Here we have an illustration of the delegation of authority or leadership. The people that should be selected to lead will fear God, be truthful, not corrupted by bribes, and bravely courageous. This is an Old Testament, rough draft of the qualifiers for an elder in the people of God.
Back to the story in 2 Samuel: While it is clear to us that David was meant to be king and that God had rejected Saul, many people, ‘on the ground’ and ‘at the time’, did not get this. The people had to come around or come to the realization, that David was meant to be their next king and was indeed ‘God’s chosen’.
It is ironic or perplexing for us today to read these stories and see people who are part of the twelve tribes, reject and oppose what we know to be God’s plan or God’s man. These ideas go along with the saying today that, “God has no grandchildren”, or Paul’s words in Romans 9:6, “For not all who are descended from Israel are Israel.”
In other words, we are not born into faith. We must choose and decide what we believe and who or what we will follow. My son and your son or daughter must decide for themselves if they will follow Jesus.
David, plainly said or told his messengers to say, to the men of Jabesh-gilead, that he had been anointed king over Judah, after Saul’s death. He blessed them and said thanks for what you did for Saul, that was kind, and he said that he planned to be kind to them as well. In that context, David encourages them to be valiant, which means to show or possess courage with determination.
The context of this statement and David’s words, are that there was danger and uncertainty about how things were going to shake out. Saul’s army or those who had fought for and were allied with the house of Saul and particularly against David, were still unsubmissive, insubordinate and at odds with David and what we, the readers today, see and read as God’s plan.

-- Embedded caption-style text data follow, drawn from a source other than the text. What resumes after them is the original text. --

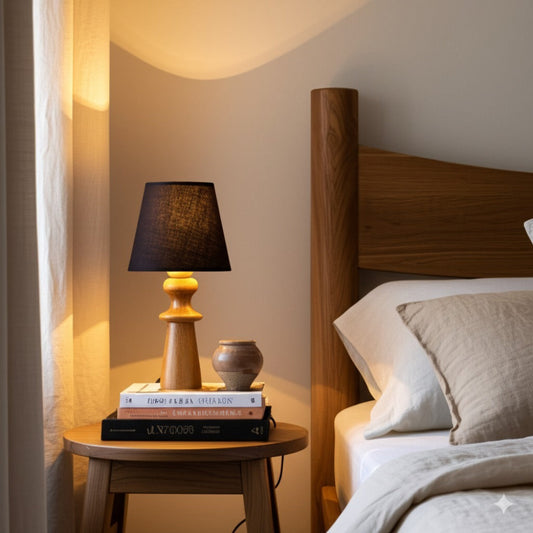 Walnut Wood Small Table Lamp – Vintage Traditional Nightstand Light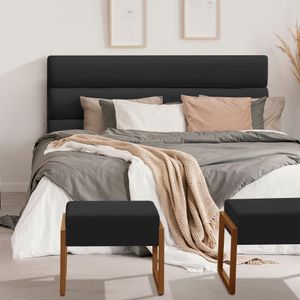 Cabeceira Estofada Sidney 160Cm Veludo Preto - Cor: Preto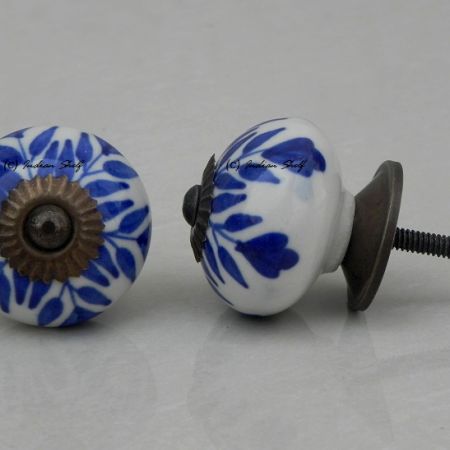 Navy Blue Leaf Knob (1)
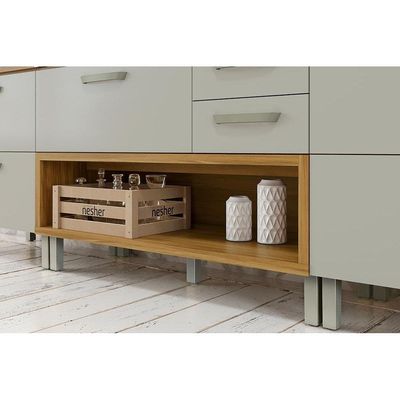 Balcão de Cozinha Princesa 1 Porta e 2 Gavetas c/ Tampo 120cm Freijo/Off White - Nesher
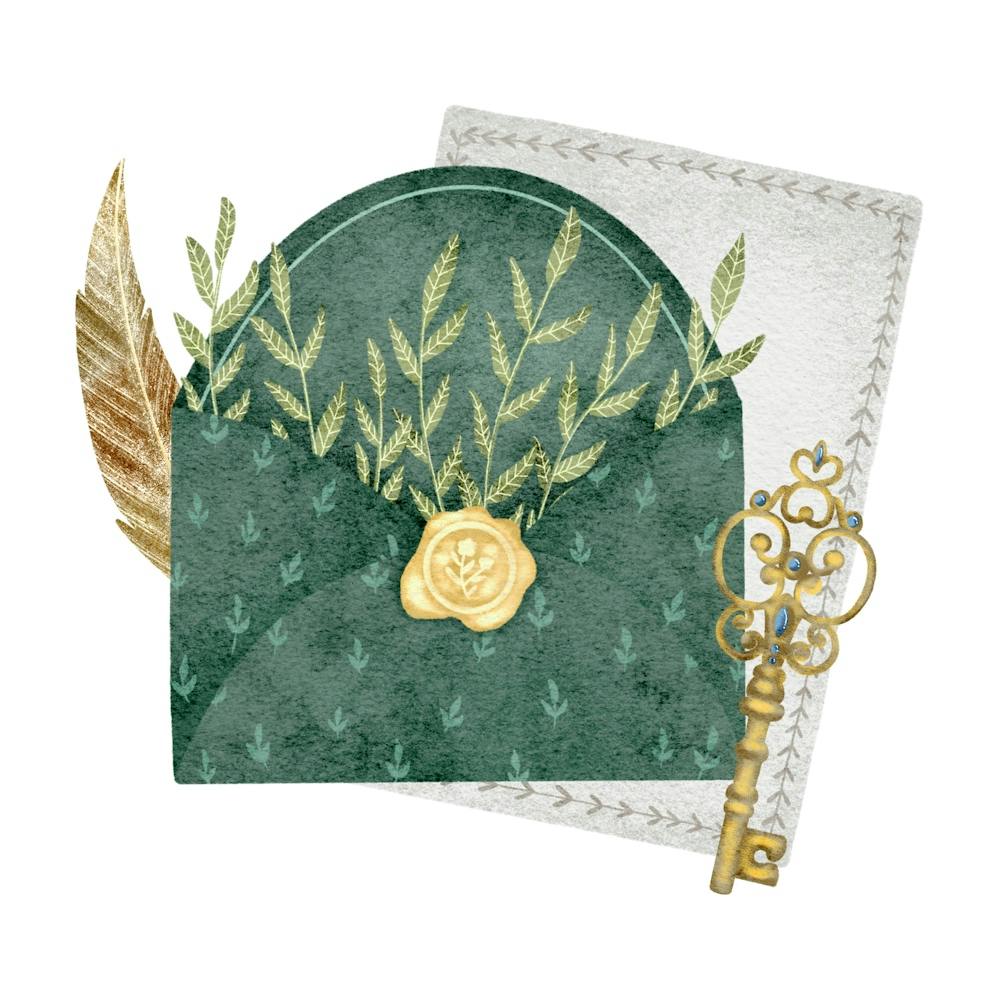 Letter envelope with golden key feather pen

David is doing diplomacy with the men of Jabesh-gilead. He said, “God bless you and thank you for showing kindness to Saul. I am now becoming king and I will show kindness to you. Be strong and valiant.” They needed to be strong and valiant because they were in danger from the Philistines, and the Saul faction that was not behind David, would soon be knocking on their doors, asking or demanding their backing.

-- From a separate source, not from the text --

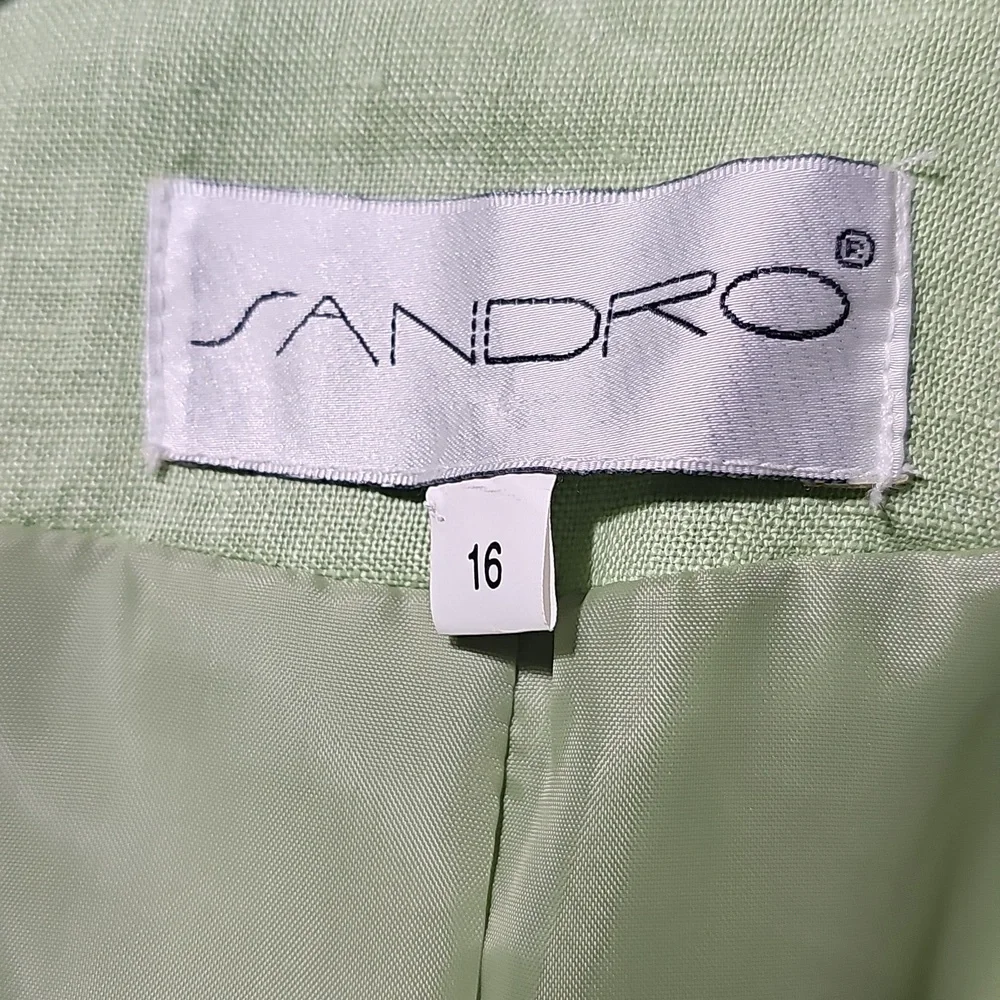 Sandro Light Green Linen Blazer Size 16 New - Picture 4 of 7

More of the story that helps us understand how difficult a situation that Jabesh-gilead was in, is the fact, told later, that it would be about seven years before other tribes would get behind David. This snapshot, part of the larger story, takes place in a seven year, tumultuous window of time, where David is almost, but not yet fully, king of all Israel.
We know David is God’s choice, but in the story, David and our eyes with David, looks for, seeks and invites people to join him as ‘early adopters’. And it is not simple or easy. For seven more years, there would continue the last chapter of the civil war between the Saul loyalists and David.
What we learn is that David does not force himself on the rest of Israel, after Judah, but patiently waits for things to shake out. David, who has already done a lot of waiting, has to wait some more. David specifically waits on God to fully promote him.
In this context, David sent that message, contained in 2 Samuel 2, asking for support, and he encourages them to be courageous, and to do the right thing.
The word of wisdom in this story is applicable and relevant for us today. To be shown or to realize what the right thing is to do, but not to do it, is cowardice. But to have the courage of your convictions, and to do the right thing, in the face of opposition and unpopularity, is valiant.
To be valiant is to show or possess courage, with a determination to do the right thing.
We are called to be a valiant people. And our war is not against flesh and blood. We are a warrior people, doing battle against the devil’s schemes.
Valiance is to have courage to do the right thing in the face of adversity and opposition.